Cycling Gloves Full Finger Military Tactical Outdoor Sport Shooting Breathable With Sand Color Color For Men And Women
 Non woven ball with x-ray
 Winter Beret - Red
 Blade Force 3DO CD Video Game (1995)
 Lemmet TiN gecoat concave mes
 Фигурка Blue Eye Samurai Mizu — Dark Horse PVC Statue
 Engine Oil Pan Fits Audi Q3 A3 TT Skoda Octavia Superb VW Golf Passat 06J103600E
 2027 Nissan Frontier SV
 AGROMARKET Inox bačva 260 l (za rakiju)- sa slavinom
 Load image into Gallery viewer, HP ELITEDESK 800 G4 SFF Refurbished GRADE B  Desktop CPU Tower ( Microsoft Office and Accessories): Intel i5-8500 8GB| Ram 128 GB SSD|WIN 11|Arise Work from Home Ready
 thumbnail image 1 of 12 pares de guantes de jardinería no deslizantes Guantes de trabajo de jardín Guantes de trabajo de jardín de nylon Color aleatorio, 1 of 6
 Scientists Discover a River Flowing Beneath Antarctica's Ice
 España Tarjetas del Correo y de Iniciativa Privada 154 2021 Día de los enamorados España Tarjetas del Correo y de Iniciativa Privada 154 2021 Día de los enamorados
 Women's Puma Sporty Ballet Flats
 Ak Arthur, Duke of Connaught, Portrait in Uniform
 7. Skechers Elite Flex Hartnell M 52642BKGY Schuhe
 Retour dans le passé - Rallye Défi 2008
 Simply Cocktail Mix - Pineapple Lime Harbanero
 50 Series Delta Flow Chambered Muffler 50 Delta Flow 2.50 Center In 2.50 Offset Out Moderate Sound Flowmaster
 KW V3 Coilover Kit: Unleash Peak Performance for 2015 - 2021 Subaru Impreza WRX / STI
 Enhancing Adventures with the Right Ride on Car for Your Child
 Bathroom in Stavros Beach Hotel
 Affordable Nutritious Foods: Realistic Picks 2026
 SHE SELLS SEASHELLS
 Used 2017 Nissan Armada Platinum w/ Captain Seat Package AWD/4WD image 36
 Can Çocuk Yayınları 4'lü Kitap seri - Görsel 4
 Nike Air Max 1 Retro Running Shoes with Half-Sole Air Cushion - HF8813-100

========

WORK REQUEST: Could you restate every entry verbatim, please?

SOLUTION FOR THIS EXERCISE:
Cycling Gloves Full Finger Military Tactical Outdoor Sport Shooting Breathable With Sand Color Color For Men And Women
 Non woven ball with x-ray
 Winter Beret - Red
 Blade Force 3DO CD Video Game (1995)
 Lemmet TiN gecoat concave mes
 Фигурка Blue Eye Samurai Mizu — Dark Horse PVC Statue
 Engine Oil Pan Fits Audi Q3 A3 TT Skoda Octavia Superb VW Golf Passat 06J103600E
 2027 Nissan Frontier SV
 AGROMARKET Inox bačva 260 l (za rakiju)- sa slavinom
 Load image into Gallery viewer, HP ELITEDESK 800 G4 SFF Refurbished GRADE B  Desktop CPU Tower ( Microsoft Office and Accessories): Intel i5-8500 8GB| Ram 128 GB SSD|WIN 11|Arise Work from Home Ready
 thumbnail image 1 of 12 pares de guantes de jardinería no deslizantes Guantes de trabajo de jardín Guantes de trabajo de jardín de nylon Color aleatorio, 1 of 6
 Scientists Discover a River Flowing Beneath Antarctica's Ice
 España Tarjetas del Correo y de Iniciativa Privada 154 2021 Día de los enamorados España Tarjetas del Correo y de Iniciativa Privada 154 2021 Día de los enamorados
 Women's Puma Sporty Ballet Flats
 Ak Arthur, Duke of Connaught, Portrait in Uniform
 7. Skechers Elite Flex Hartnell M 52642BKGY Schuhe
 Retour dans le passé - Rallye Défi 2008
 Simply Cocktail Mix - Pineapple Lime Harbanero
 50 Series Delta Flow Chambered Muffler 50 Delta Flow 2.50 Center In 2.50 Offset Out Moderate Sound Flowmaster
 KW V3 Coilover Kit: Unleash Peak Performance for 2015 - 2021 Subaru Impreza WRX / STI
 Enhancing Adventures with the Right Ride on Car for Your Child
 Bathroom in Stavros Beach Hotel
 Affordable Nutritious Foods: Realistic Picks 2026
 SHE SELLS SEASHELLS
 Used 2017 Nissan Armada Platinum w/ Captain Seat Package AWD/4WD image 36
 Can Çocuk Yayınları 4'lü Kitap seri - Görsel 4
 Nike Air Max 1 Retro Running Shoes with Half-Sole Air Cushion - HF8813-100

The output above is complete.